Extracted records:
==========
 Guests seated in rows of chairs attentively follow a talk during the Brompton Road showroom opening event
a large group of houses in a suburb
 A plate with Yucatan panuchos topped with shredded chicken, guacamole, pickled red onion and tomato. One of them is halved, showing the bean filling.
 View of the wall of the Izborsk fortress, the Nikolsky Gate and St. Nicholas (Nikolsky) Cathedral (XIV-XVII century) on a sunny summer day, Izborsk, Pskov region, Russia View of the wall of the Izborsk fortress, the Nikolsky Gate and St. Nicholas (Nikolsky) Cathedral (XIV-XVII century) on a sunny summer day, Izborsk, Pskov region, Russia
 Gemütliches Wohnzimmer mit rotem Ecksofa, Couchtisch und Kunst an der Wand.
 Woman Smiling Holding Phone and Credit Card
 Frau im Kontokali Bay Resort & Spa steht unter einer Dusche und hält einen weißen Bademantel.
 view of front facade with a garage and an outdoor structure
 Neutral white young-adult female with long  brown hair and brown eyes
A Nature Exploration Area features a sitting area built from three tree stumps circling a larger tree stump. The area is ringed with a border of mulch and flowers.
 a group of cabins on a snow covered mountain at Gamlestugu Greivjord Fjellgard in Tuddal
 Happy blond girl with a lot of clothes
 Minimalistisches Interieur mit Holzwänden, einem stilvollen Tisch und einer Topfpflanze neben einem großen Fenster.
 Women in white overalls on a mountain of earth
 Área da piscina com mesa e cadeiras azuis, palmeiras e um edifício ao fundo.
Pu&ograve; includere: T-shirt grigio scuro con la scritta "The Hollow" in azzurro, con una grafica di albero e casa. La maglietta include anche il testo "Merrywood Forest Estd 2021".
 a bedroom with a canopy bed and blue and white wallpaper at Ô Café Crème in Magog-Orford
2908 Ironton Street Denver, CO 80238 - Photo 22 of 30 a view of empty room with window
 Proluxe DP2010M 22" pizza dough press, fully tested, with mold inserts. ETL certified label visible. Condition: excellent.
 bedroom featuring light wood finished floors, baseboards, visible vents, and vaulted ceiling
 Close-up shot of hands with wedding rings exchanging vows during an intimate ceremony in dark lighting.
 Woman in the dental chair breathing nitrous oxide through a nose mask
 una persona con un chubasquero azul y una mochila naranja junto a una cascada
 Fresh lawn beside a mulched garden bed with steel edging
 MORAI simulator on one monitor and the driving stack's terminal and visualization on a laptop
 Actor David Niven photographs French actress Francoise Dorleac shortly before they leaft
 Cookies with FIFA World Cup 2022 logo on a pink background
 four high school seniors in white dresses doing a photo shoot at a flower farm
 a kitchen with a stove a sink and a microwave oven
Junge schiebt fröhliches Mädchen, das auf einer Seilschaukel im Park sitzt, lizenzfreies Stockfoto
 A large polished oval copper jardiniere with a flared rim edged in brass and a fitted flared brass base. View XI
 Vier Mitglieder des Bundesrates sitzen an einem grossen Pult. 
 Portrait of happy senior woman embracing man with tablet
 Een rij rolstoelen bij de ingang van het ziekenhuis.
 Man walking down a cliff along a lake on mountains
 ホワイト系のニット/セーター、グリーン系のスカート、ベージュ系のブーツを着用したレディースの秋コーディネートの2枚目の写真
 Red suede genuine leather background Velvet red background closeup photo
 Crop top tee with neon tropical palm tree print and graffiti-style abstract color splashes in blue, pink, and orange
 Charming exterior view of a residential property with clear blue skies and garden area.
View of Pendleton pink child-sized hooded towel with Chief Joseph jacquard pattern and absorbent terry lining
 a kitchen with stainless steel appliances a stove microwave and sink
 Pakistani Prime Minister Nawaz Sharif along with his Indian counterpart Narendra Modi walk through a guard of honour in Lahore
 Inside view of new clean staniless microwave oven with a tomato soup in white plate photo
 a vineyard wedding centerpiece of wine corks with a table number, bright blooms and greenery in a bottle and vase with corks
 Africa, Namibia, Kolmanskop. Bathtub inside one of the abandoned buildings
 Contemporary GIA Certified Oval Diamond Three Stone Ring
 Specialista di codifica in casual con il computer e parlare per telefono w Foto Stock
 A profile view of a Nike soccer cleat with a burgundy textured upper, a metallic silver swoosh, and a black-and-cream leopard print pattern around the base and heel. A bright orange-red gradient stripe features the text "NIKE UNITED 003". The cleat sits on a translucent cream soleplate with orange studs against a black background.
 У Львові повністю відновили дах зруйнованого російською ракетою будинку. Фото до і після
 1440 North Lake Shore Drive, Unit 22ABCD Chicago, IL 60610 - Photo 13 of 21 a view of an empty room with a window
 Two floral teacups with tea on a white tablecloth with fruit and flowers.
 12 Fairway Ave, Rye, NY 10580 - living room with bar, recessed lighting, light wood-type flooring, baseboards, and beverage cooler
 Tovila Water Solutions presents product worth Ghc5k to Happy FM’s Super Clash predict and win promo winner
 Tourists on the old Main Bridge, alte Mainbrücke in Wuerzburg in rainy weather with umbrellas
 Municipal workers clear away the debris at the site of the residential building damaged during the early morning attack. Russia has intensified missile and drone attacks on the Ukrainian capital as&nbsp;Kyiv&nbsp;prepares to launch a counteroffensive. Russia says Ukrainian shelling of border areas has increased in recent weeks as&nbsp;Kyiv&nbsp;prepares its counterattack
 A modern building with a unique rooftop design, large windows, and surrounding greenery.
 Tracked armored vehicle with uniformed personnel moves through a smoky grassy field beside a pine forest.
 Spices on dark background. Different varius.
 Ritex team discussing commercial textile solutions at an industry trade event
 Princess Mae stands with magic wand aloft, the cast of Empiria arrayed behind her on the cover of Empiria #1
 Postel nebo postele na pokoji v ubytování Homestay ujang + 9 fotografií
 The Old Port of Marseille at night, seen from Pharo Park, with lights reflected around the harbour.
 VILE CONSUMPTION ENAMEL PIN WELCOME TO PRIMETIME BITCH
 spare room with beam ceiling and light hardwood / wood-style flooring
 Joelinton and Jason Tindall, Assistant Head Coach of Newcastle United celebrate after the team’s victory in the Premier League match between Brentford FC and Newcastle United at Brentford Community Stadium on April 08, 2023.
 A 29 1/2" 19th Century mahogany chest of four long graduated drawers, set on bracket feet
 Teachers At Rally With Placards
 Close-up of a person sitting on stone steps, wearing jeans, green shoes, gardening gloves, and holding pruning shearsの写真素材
==========
Could you output the lines above, exactly as written, from the one containing "on bracket feet" through the last, with both ends included and no others?

 A 29 1/2" 19th Century mahogany chest of four long graduated drawers, set on bracket feet
 Teachers At Rally With Placards
 Close-up of a person sitting on stone steps, wearing jeans, green shoes, gardening gloves, and holding pruning shearsの写真素材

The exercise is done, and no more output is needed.